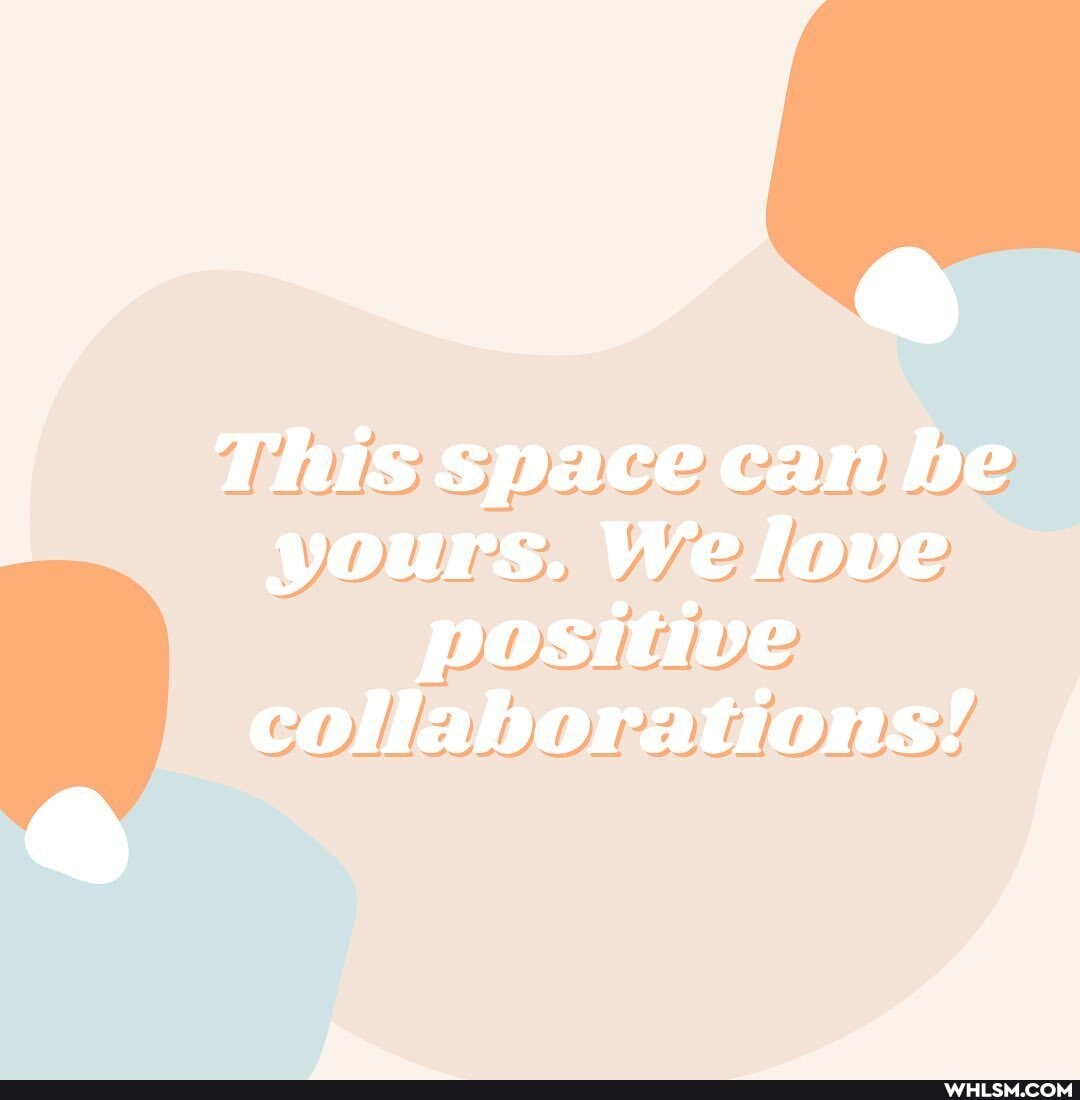 This space can be
yours. We love positive
collaborations!
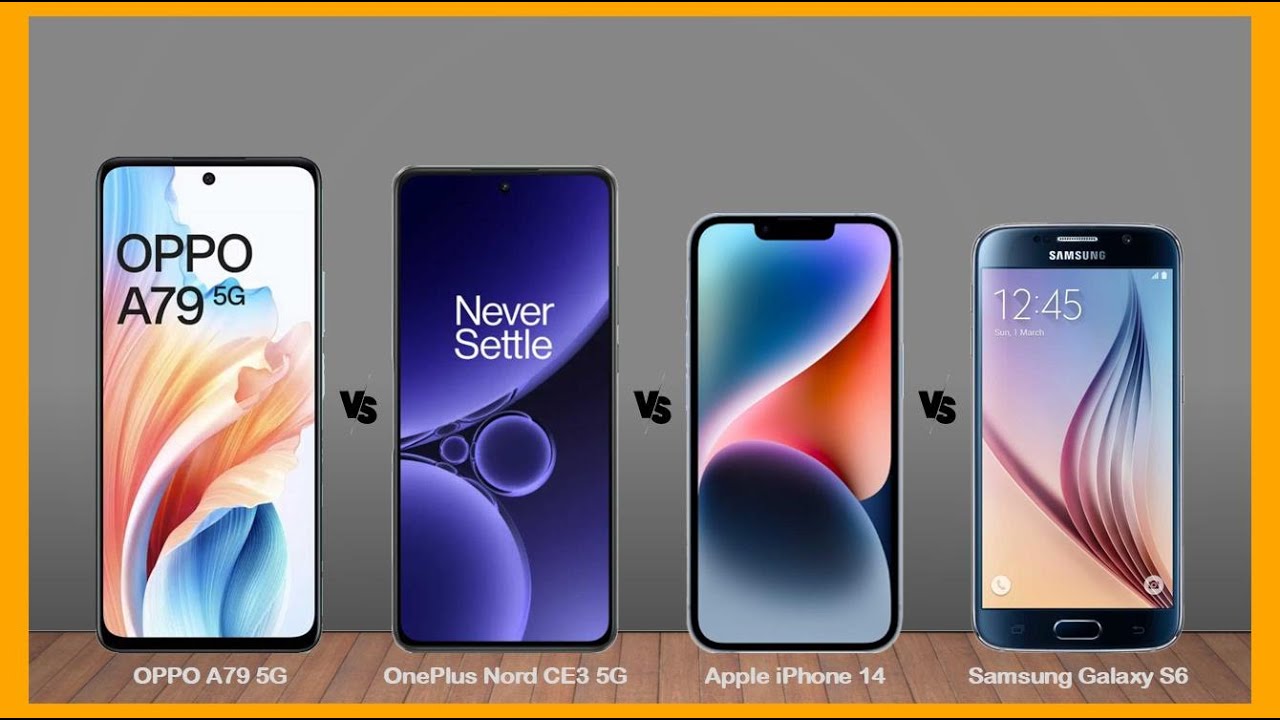 OPPO A79 5G vs OnePlus Nord CE3 5G vs Apple iPhone 14 vs Samsung Galaxy S6 Specs Reviev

WORK ITEM:
The response must match the listing exactly, except that pictures are removed.

ANSWER FOR THE TASK:
 This space can be
yours. We love positive
collaborations!
 OPPO A79 5G vs OnePlus Nord CE3 5G vs Apple iPhone 14 vs Samsung Galaxy S6 Specs Reviev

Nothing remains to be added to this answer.